James Huntsman, the brother of former ambassador, presidential candidate, and Utah Gov. Jon Huntsman and a member of a wealthy and influential family, filed a federal lawsuit against the Church of Jesus Christ of Latter-day Saints on Tuesday. He alleged that the church, widely known as the Mormon church, had defrauded him of millions of dollars in donations by misleading him into thinking his money would be spent on charitable causes. Why is a member of one of Utah’s most prominent families accusing the church of fraud?
It has to do with the idea of “tithes” and the ways a giant institution like the Mormon church handles its wealth.
Mormons, as they were formerly known (they are “Latter-day Saints,” under a new directive from church president Russell M. Nelson), are some of the most generous people in the country. According to a 2020 study, Utah led the nation in the percentage of people who donate money and the percentage of income that people donate. This is in large part because the church encourages its members to give 10 percent of their income in tithes.
Tithes are a fairly common concept among religious institutions; the Mormon church just seems better at encouraging its members to pay their share, and better at keeping track. Around the end of the year, church members are meant to declare to the church whether they are tithe-paying or only a partial or nonpayer. Those who aren’t tithe payers are not given access to the temples, where the more secretive and sacred religious events happen. The money from the tithes, the faithful are told, goes to the church’s operating costs, as well as missionary work, charity, educational institutions, and the building of temples.
In 2019, the Washington Post (which also was the first to report on the lawsuit) reported that the church had not spent as much on these religious causes as many members assumed: $100 billion was sitting, unused, in accounts marked for charitable aims.
Many of the faithful were disturbed to hear that the church had amassed such wealth from donations, sometimes from people who gave despite experiencing personal financial discomfort. Others were upset by the secretive nature of the church’s finances and felt betrayed by the sense they were misled. (Religious institutions do not have to report their income and assets, as other nonprofits do.) Still others wondered if the church was in violation of federal tax laws.
The church’s nonprofit investment division’s president justified the stockpiling of such a vast fortune by arguing that they would be used “in the event of the second coming of Christ,” according to a complaint reported on by the Post. Sen. Mitt Romney at the time quipped that he was “happy” that the church had saved money “for a rainy decade.”

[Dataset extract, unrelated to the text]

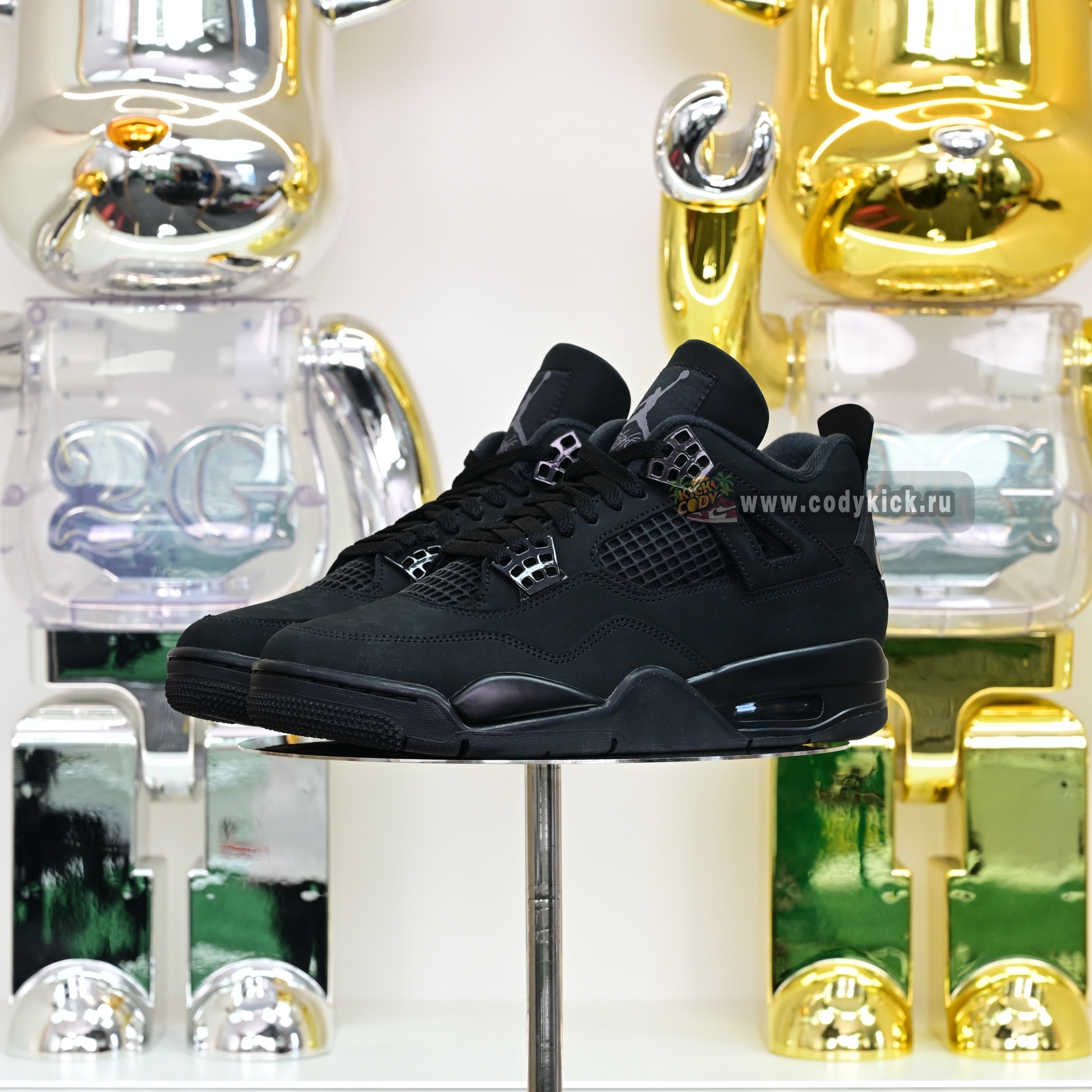 AIR JORDAN 4 RETRO 'BLACK CAT' 2025   FV5029-010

Huntsman’s lawsuit, however, has to do with more than just the big chunk of change: According to the Post’s 2019 report, the church was accused of using some of its tax-exempt donations improperly in support of a church-run insurance company and a shopping mall jointly run by the church and a real estate company. Huntsman’s lawsuit refers back to that report, accusing the church of lying about the use of his donations and “secretly lin[ing] its own pockets by using the funds to develop a multibillion-dollar commercial real estate and insurance empire that had nothing to do with charity.” (The church has said that no tithing funds were used to buy or develop the mall property or to help with the insurance company.)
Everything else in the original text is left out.